Governor’s Halloween treat: Edna Mahan Correctional Facility prison break

As New Jersey kids began trick-or-treating around the state, law enforcement officials were looking for a 40-year-old female inmate who escaped from the Edna Mahan Correctional Facility, where federal officials slammed Governor Phil Murphy over his administration’s years of inaction on sexual abuse of inmates.

Jessica C. Graham, 40, was reported missing from the minimum security unit at the prison earlier Sunday, said the Hunterdon County Prosecutor’s Office, which alerted the media at about 2:30 p.m.

The Town of Clinton Police tweeted shortly after 7 p.m. that they’d arrested Graham near a restaurant in their town, and returned her to state prison authorities.

Graham was sentenced on June 16, 2021 to five years for a Union County criminal mischief offense on November 24, 2018, and the Staten Island woman would have been eligible for parole on February 28, 2022.

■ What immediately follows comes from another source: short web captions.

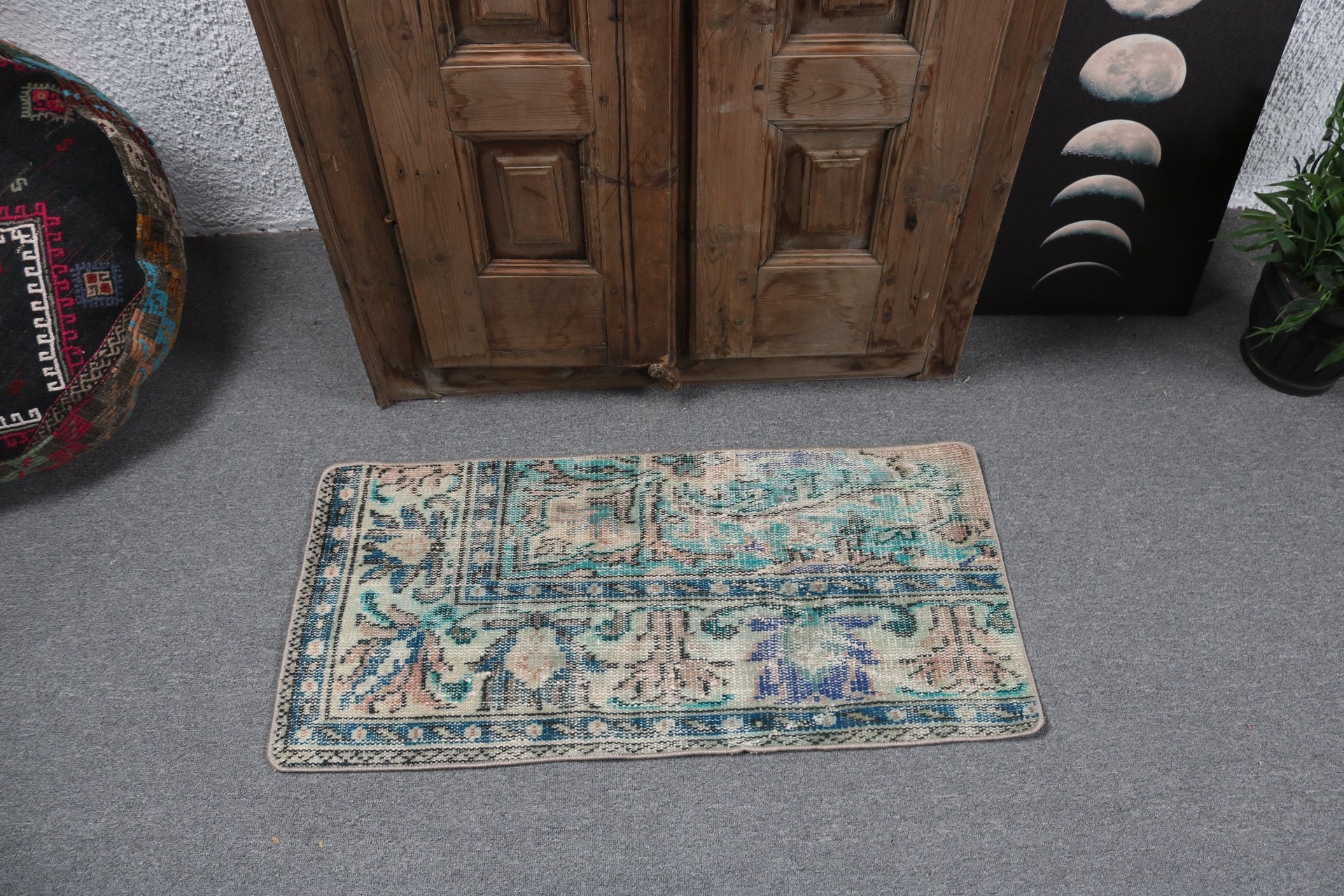 Turkish Rugs, Door Mat Rug, Floor Rug, 1.5x3.1 ft Small Rugs, Handwoven Rug, Bedroom Rugs, Green Moroccan Rug, Vintage Rug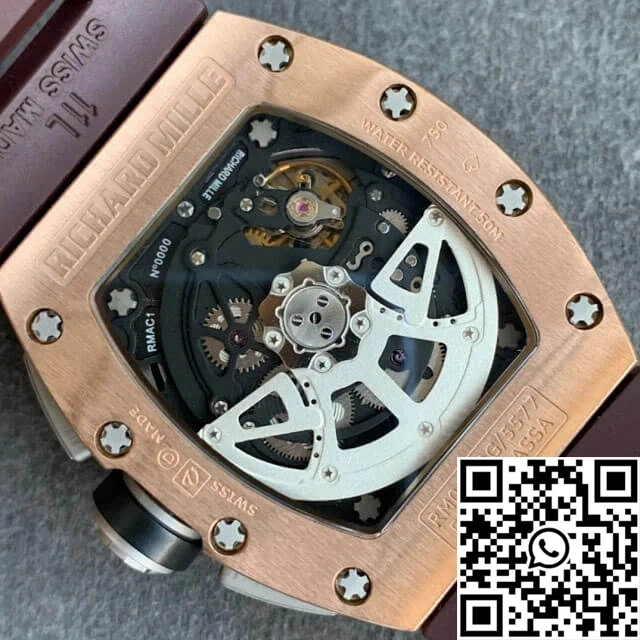Richard Mille RM011 KV Factory Rose Gold Brown Rubber Strap RelaxedFit 2319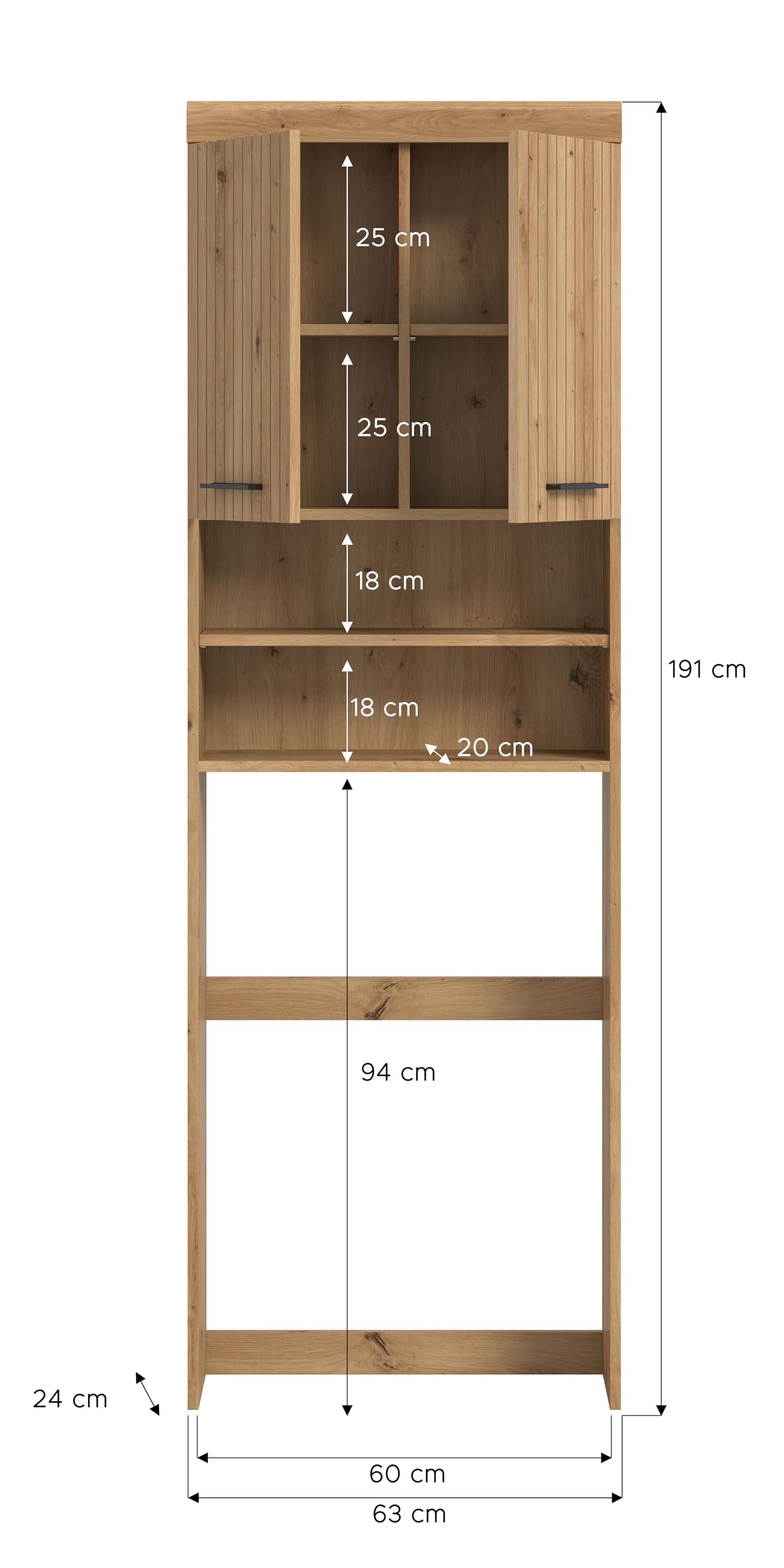 xonox.home – Waschmaschinenüberbau Scout 63x191x24 cm in Artisan & Schwarz – Überbauschrank mit 2 Türen & offenen Fächern – Passend für alle gängigen Waschmaschinen zur optimalen Platznutzung im Bad – Bild 4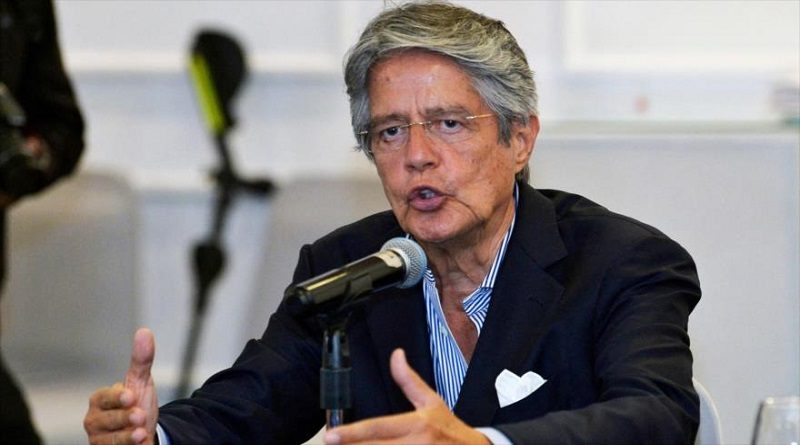El presidente de Ecuador, Guillermo Lasso, en una conferencia de prensa en Quito, 12 de abril de 2021. (Foto: AFP)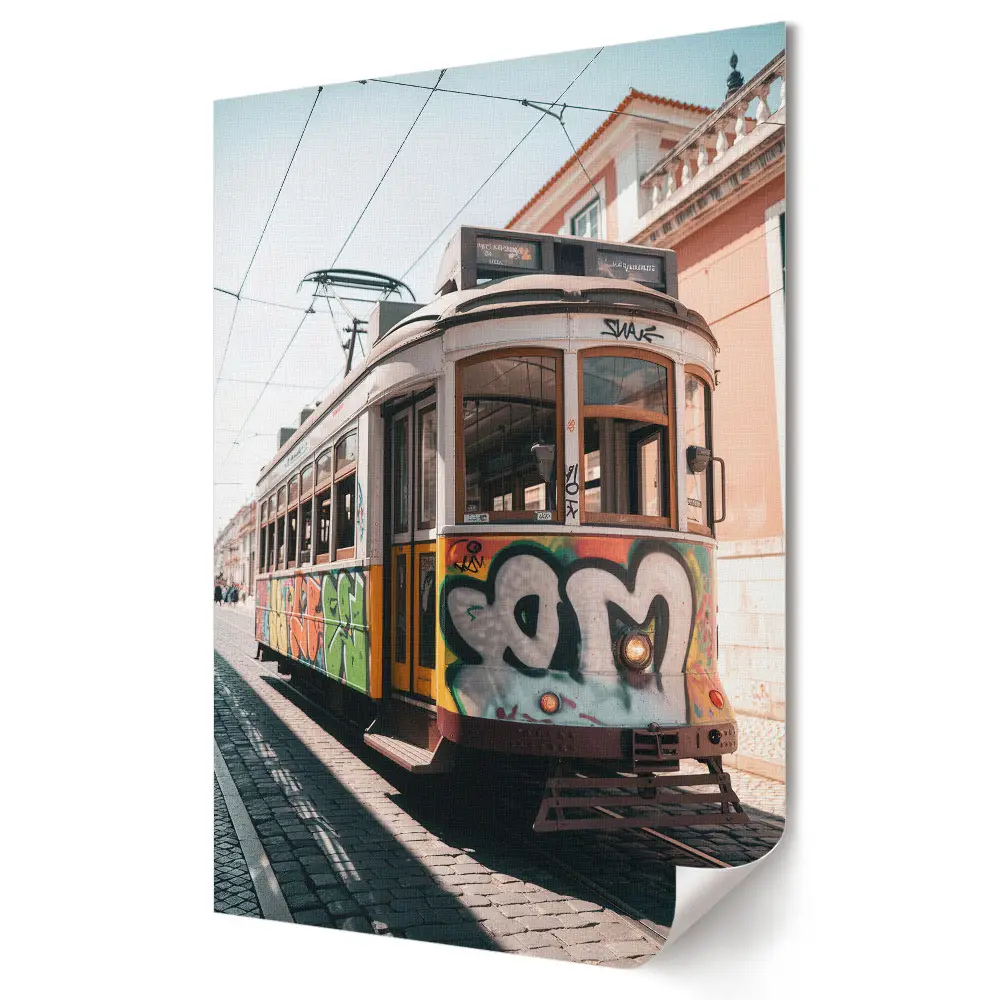 Stílusos városi villamos graffitis plakát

Multiple law enforcement agencies searched for hours Sunday for the inmate before she was apprehended by Clinton police and the Department of Corrections’ special operations group at a local gas station.

The prison discovered Graham was missing during a routine population count.

The minimum security unit is separate from the maximum security part of the prison and houses prisoners nearing release.

Eligibility to be placed in the unit includes no history of institutional violence, the corrections department explained.

Graham was spotted near exit 13 on Interstate 78, about a mile north of the prison, the prosecutor’s office said when it announced her escape.

New Jersey’s only women’s prison has repeatedly made headlines the past few years due to numerous rapes, attacks and other alleged abuse of inmates.

Several corrections officers have been criminally charged with sex crimes and other misconduct. Ten correctional police officers were charged in June for allegedly beating prisoners at Edna Mahan Correctional Facility.

A new report concluded that New Jersey leaders repeatedly failed to enact reforms and were often ignorant of their own policies and the violent histories of prison staff, which set the stage for officers to severely beat several women at the facility in January.

The Department of Justice’s Civil Rights Division and the U.S. Attorney’s Office for New Jersey filed a complaint and a proposed consent decree with the State of New Jersey and New Jersey Department of Corrections concerning the facility in August.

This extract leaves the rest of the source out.